Выбрать главу

Признавая могущество владык космоса, люди вместе с тем надеялись на их помощь, справедливость, доброту, которой не обладали старые античные божества, часто мстительные, ревнивые к успехам людей, жестокие. В той же надписи с Иоса Исида говорит о себе: «Я сделала справедливое сильным… Я установила закон, чтобы родители были любимы детьми… Я сделала справедливость сильнее золота и серебра… Я сделала так, чтобы прекрасное и постыдное отличались друг от друга по природе…». В Сирии встречаются посвящения безымянному «Богу доброму».

Верующие надеялись, что боги, которым они возносили молитвы, слышат их. В восточной части империи археологи обнаружили большое число посвящений «богам внемлющим» или только одному «богу внемлющему» (без имени), причем эти боги мыслились «чистыми (т. е. лишенными недостатков. — И. С.) и справедливыми» — эти эпитеты также встречаются во многих надписях. Вера в могучих и благих богов или Бога не была уже связана с определенным местом или народностью; распространяется представление об общности человеческого рода — сначала среди философов, а затем и в среде народных масс. Так, в одной из надписей I в. н. э. в маленьком малоазийском городке Панамаре сказано, что в празднествах в честь главного божества этого города — Зевса могут принимать участие граждане, переселенцы и «все люди населенного мира». Вряд ли составители надписи могли рассчитывать на приход к ним людей из разных областей ойкумены, но, приглашая их, они провозглашали единство людей перед лицом божества и его «всемирность».

Верования в благие божества рождали у почитателей вопросы об их собственном поведении, благодаря которому они должны были заслужить расположение богов. В уставах частных религиозных союзов появляются моральные установки. Так, почитатели финикийской богини Астарты требовали от своих членов физической и нравственной чистоты. Интересен религиозный союз (из города Филадельфии в Малой Азии) почитателей Зевса и Богини Матери: он был основан еще в I в. до н. э. местным философом, его устав выбит на камне. В союз принимались на равных мужчины и женщины, свободные и рабы. Члены союза обязывались не замышлять никакого коварства против других людей, не заниматься магией, не изготовлять никакого колдовского зелья, не применять средств, препятствовавших деторождению (на рубеже эр в Римском государстве были распространены аборты). Замужние женщины должны были хранить верность своему мужу («женщина должна быть чиста и не знать другого мужчины»). В свою очередь мужчины не имели права вступать в связь с замужними женщинами, в том числе и с замужней рабыней. За нарушение полагались наказания: публичное покаяние, отлучение от святилища. Добродетельные члены сообщества, как сказано в надписи, получат то, что боги дают своим любимцам. Последняя фраза знаменательна: члены союза, по существу, не смогли освободиться от традиционного языческого представления о языческих божествах, дарующих — согласно мифам — своим любимцам земные блага. Возможно, почитатели Зевса и Матери ощущали недостаточность этого представления, поэтому в уставе не указывалось никакого конкретного вознаграждения; идея спасения в Царстве Божием еще не была выработана. Однако, может быть, не случайно, что именно в малоазийской Филадельфии в I в., согласно Апокалипсису Иоанна, рано возникла одна из первых христианских общин.
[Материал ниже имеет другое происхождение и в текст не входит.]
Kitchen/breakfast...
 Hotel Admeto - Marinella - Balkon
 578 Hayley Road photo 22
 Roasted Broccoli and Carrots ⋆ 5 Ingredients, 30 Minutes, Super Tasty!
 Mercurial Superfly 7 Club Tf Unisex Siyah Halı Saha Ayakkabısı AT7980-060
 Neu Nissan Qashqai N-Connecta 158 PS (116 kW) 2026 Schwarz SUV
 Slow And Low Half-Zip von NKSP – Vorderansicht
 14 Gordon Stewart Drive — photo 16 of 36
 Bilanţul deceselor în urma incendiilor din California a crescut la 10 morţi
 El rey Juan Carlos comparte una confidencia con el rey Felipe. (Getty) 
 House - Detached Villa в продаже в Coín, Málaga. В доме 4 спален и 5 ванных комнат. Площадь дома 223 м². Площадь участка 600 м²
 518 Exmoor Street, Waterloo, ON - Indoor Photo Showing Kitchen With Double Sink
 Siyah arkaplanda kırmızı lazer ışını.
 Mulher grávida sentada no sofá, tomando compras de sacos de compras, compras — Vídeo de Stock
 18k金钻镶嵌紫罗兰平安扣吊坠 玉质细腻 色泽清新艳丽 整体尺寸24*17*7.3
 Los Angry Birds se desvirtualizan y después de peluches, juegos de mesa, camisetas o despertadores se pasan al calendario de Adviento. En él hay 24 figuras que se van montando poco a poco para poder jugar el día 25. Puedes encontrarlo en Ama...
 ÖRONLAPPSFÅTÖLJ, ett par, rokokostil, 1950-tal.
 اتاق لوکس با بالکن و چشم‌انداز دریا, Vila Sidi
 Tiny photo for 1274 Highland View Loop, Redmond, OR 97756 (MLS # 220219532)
Филадельфийское объединение не случайно выступало и против магии: наряду с поклонением богам-спасителям, многие люди в первые века нашей эры из самых разных слоев общества, не веря в возможность избавиться от несчастий собственными силами, были увлечены колдовством, различного рода прорицаниями. Представление о том, что окружающий мир наполнен злодеяниями, колдовскими чарами, ясно проявилось в романе Апулея «Золотой осел», в котором использованы мотивы народных верований. Ощущение страха перед темными силами, их мерзости и в то же время нелепости (с точки зрения Апулея, эта нелепость должна снизить ужасы магии) великолепно показаны во вставной новелле о фессалийских ведьмах. Рассказчик этой истории был нанят сторожить покойника от ведьм, а те по ошибке заколдовали сторожа и оторвали ему нос и уши — трагикомические детали усиливали абсурдность происходящего. В конце новеллы рассказчик поведал слушателям, что он стал свидетелем того, как во время похорон юноши египетский пророк по просьбе отца умершего (заплатившему египтянину большие деньги) на время оживляет юношу, и тот свидетельствует, что погублен собственной женой. Оживление было мучительным — юноша молил колдуна отпустить его. Этот эпизод свидетельствовал о существовании веры в возможность оживления умерших, но воспринималось оно как действие колдовских, недобрых сил.